Get Your House in Order
If you have not been conducting in-depth equipment inventories, now is the time. Break equipment lists into manageable groups so inspections run more smoothly. Groups can be based on geographic sections of your workplace or by type of equipment; what is important is that you use a system that works for you and your employees. Your system must encourage everyone to conduct the right inspections at the right times. After inspections, equipment should be marked with color-coded tape that signifies it has been thoroughly checked and that it works as intended.
Inspection checklists ensure nothing slips between the cracks. Cords, handles and even the proximity of emergency equipment like fire extinguishers can be added to inspection checklists. The last item on an inspection checklist should be something that reminds the inspector to label the equipment appropriately.
Print and post your inspection color scheme so personnel can identify the inspection status of all equipment. The standard inspection color-coding chart follows both quarterly and monthly patterns.

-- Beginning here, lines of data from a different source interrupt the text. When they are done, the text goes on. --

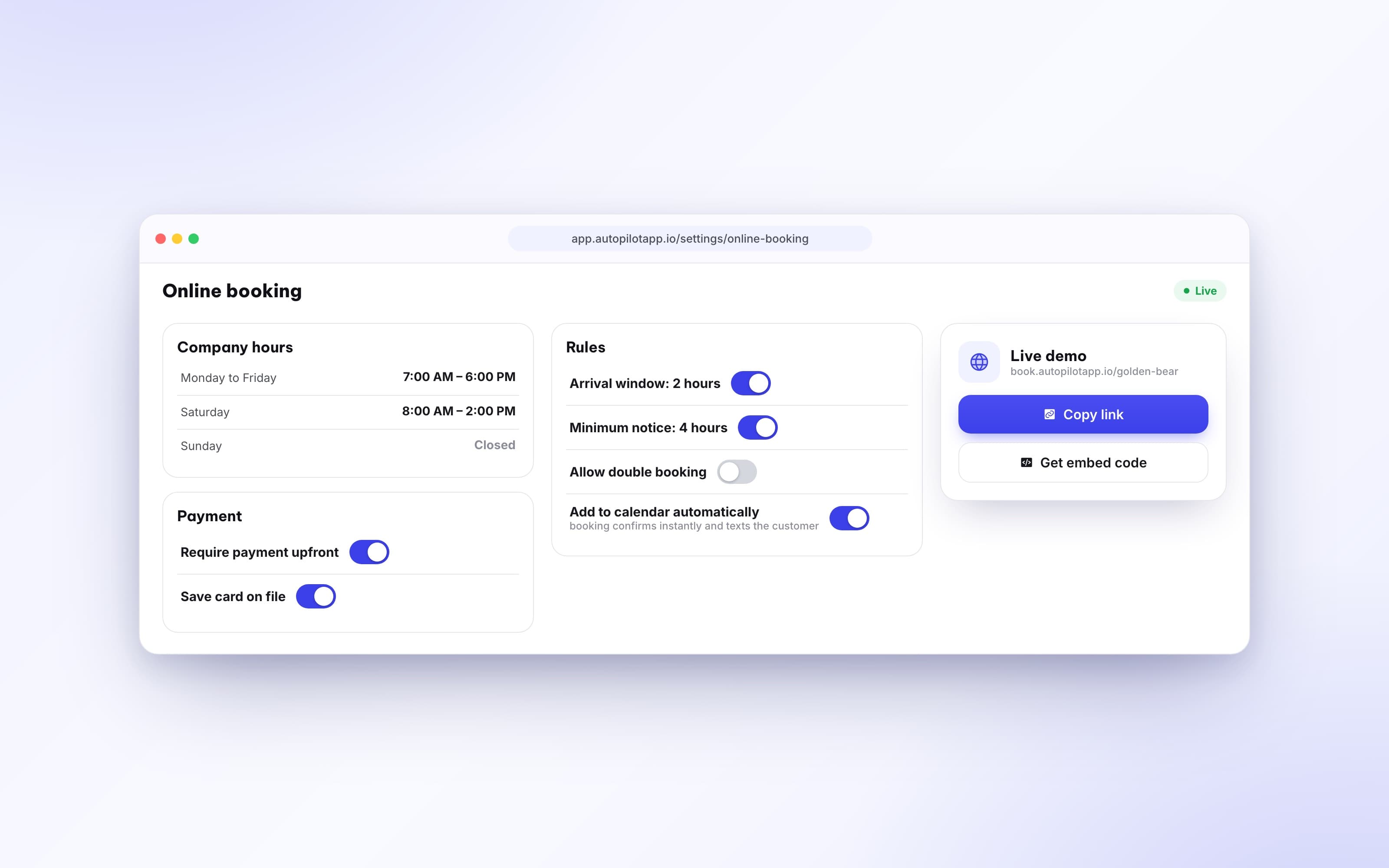 Copy link and embed code options for the hosted form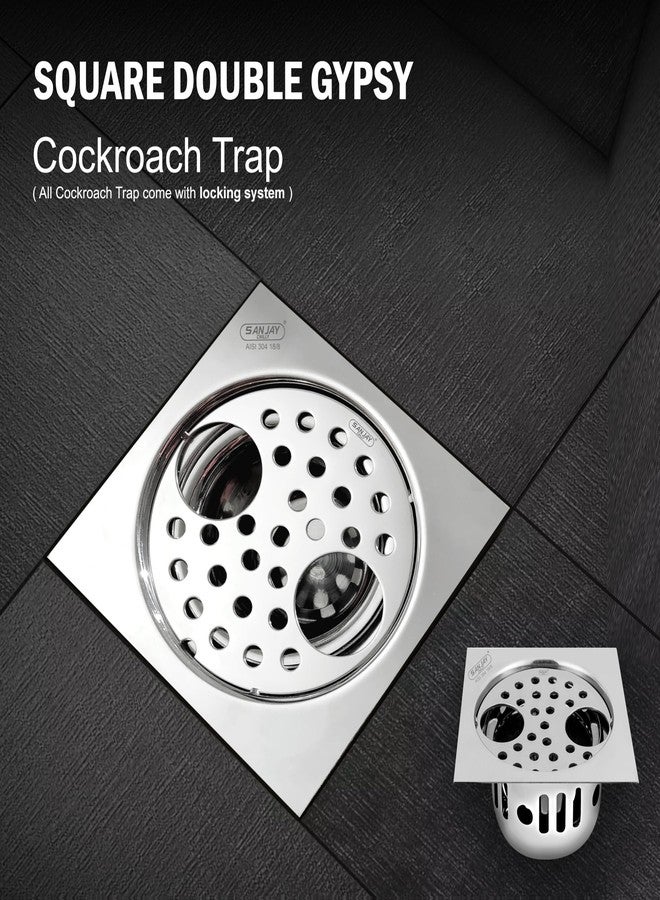 Sanjay Chilly Floor Drain Cockroach Trap with Square Double Hole Bathroom Gratings 304 Grade Stainless Steel Floor Water Drainer Cover Jali Safety from Cockroach & Insects in Sink & Toilet 5x5 INCH - Image 3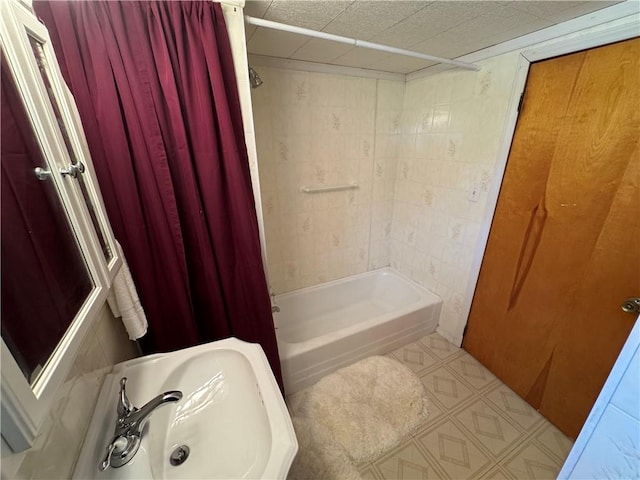 966 Fayette City Rd, Fayette City, PA 15438 - bathroom with shower / bath combo, tile patterned floors, and a sink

During the first quarter, all equipment is labeled with white and the color of the corresponding month; for example, equipment inspected during March will bear a white (representing the first quarter) and blue (representing the month) label. Equipment inspected during August will be labeled in both red and yellow.
Inspectors should also keep the color-coding chart handy to ensure accuracy and achieve maximum safety.
OSHA Noncompliance Results in Fines
Equipment that has not been recently inspected will be easy to identify after you implement the color code system. This helps keep your business OSHA-compliant and your workplace safe. Since OSHA has recently cracked down on noncompliance and worker endangerment, implementing simple strategies like inspection labeling can save your business thousands of dollars in fines – and even better, can protect you and your workers from hazardous equipment.